Open with their problem, not your résumé

The first thing a client should read is a tight restatement of where they are and where they want to be — in their words, from the call you just had. Two or three sentences is plenty. This does two jobs: it proves you listened, and it frames everything that follows as a response to a real need rather than a generic pitch. Save your credentials for later; right now the client cares whether you understood them, not how many awards you have won.

The seven sections that carry the weight

Most strong proposals are built from the same handful of sections, in roughly this order. You can drag them around to suit the job, but this sequence keeps the reader moving toward yes.

  1. Cover — project name, client name, your name, and a date. Quiet and professional; this is the handshake.

  2. The problem / context — your restatement of their situation and the outcome you both want.

  3. Scope of work — the approach in plain language. What you will actually do, and how you will work.

  4. Deliverables — the concrete things they receive, as a list they can point to and check off.

  5. Timeline — phases or milestones with realistic dates, including what you need from them and when.

  6. Pricing — the investment, structured so the options are clear (more on this below).

  7. Terms & next step — payment schedule, what is excluded, and exactly how to accept.

In Kliently's proposal builder these are drag-to-reorder sections — cover, scope, deliverables, timeline, terms — so you can match the running order to the deal instead of fighting a fixed template.

Put price after value, never before

The single most common structural mistake is showing the number before the reader understands what it buys. A price that arrives after a clear scope and a tangible deliverables list reads as fair; the same number on page one reads as expensive. By the time a client reaches your pricing table, they should already be nodding along. Then the table simply confirms a decision they have half-made, rather than asking them to evaluate cost in a vacuum.

Be specific about what you are not doing

Scope creep usually starts with an honest misunderstanding, and you prevent it on the page. A short exclusions list — "this proposal does not include X, Y, or Z; those can be added as a separate phase" — protects the relationship as much as it protects your margin. Clients respect the clarity, and you give yourself a clean reference point when a new request appears mid-project.

  • Number of revisions included, and what counts as a revision versus a new request.

  • Assets, content, or access the client is responsible for supplying.

  • Work that is explicitly out of scope and quotable later.

  • Assumptions you are making about timelines, approvals, or third parties.

Make the timeline a shared commitment

A timeline is not just your delivery dates — it is also a list of the decisions and inputs you need from the client to hit them. Framing it this way sets a quiet expectation that the project's pace depends on both of you. Tie each phase to a deliverable so progress is visible, and avoid promising a date you cannot defend if the kickoff slips by a week.
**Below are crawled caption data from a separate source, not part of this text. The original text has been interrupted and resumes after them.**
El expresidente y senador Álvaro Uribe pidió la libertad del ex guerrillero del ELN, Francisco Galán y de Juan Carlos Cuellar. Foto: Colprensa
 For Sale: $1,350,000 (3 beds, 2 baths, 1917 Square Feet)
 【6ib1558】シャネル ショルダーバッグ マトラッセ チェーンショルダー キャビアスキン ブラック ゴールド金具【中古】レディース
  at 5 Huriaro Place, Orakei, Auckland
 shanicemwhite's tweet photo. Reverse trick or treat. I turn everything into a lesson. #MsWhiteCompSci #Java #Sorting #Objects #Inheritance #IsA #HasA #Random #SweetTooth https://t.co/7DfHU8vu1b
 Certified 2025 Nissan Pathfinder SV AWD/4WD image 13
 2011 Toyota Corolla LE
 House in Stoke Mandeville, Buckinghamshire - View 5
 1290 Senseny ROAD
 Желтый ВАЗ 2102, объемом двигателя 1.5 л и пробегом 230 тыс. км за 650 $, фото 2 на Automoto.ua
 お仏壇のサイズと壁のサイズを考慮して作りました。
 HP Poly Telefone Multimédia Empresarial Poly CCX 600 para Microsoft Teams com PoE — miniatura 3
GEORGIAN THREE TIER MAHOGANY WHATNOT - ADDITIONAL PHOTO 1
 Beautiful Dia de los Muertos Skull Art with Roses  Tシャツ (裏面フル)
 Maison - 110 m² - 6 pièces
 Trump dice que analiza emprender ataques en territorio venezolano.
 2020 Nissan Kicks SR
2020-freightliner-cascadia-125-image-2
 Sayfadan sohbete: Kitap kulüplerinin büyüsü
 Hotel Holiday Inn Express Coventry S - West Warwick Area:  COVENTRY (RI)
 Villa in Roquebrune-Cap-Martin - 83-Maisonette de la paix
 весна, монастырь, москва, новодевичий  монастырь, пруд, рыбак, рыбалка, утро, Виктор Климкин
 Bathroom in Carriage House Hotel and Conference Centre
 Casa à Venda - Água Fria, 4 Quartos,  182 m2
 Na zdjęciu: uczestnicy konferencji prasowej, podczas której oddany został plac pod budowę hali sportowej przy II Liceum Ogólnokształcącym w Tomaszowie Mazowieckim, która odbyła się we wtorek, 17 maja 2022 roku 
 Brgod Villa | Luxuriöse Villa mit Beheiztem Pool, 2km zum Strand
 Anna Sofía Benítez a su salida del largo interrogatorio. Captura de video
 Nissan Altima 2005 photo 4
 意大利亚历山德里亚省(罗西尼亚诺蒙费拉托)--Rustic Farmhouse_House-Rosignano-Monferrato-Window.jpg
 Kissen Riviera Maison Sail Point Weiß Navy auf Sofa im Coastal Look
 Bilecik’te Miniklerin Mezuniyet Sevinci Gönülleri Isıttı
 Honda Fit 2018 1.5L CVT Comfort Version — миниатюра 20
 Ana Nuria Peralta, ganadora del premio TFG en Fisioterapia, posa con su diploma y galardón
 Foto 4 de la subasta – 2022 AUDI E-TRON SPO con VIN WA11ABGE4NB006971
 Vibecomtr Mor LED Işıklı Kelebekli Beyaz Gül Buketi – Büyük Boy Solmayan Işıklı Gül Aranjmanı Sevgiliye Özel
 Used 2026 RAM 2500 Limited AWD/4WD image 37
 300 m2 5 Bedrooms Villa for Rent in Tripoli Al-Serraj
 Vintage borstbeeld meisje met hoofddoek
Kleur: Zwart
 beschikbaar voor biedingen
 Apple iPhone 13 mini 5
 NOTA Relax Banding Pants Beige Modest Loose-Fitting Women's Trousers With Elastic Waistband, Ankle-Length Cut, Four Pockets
End with one obvious next step

The close is where good proposals leak. If accepting means replying to an email, finding a signature, and arranging a deposit, you have added friction at the exact moment momentum matters most. Reduce it to a single action. When a Kliently proposal moves from sent to viewed to accepted, the client accepts in one click — their name, email, drawn signature, IP, and timestamp are captured automatically, and the proposal can auto-create the contract the instant it is accepted. There is nothing for the client to chase and nothing for you to assemble by hand.

Save the structure once you find what works

The proposals that win tend to share a shape. When one lands, save it as a template so the next one starts from a proven skeleton instead of a blank page. You keep the structure and swap the specifics — which is most of the work, done once. The goal is a repeatable running order you trust, so your energy goes into the parts that are genuinely different about each client.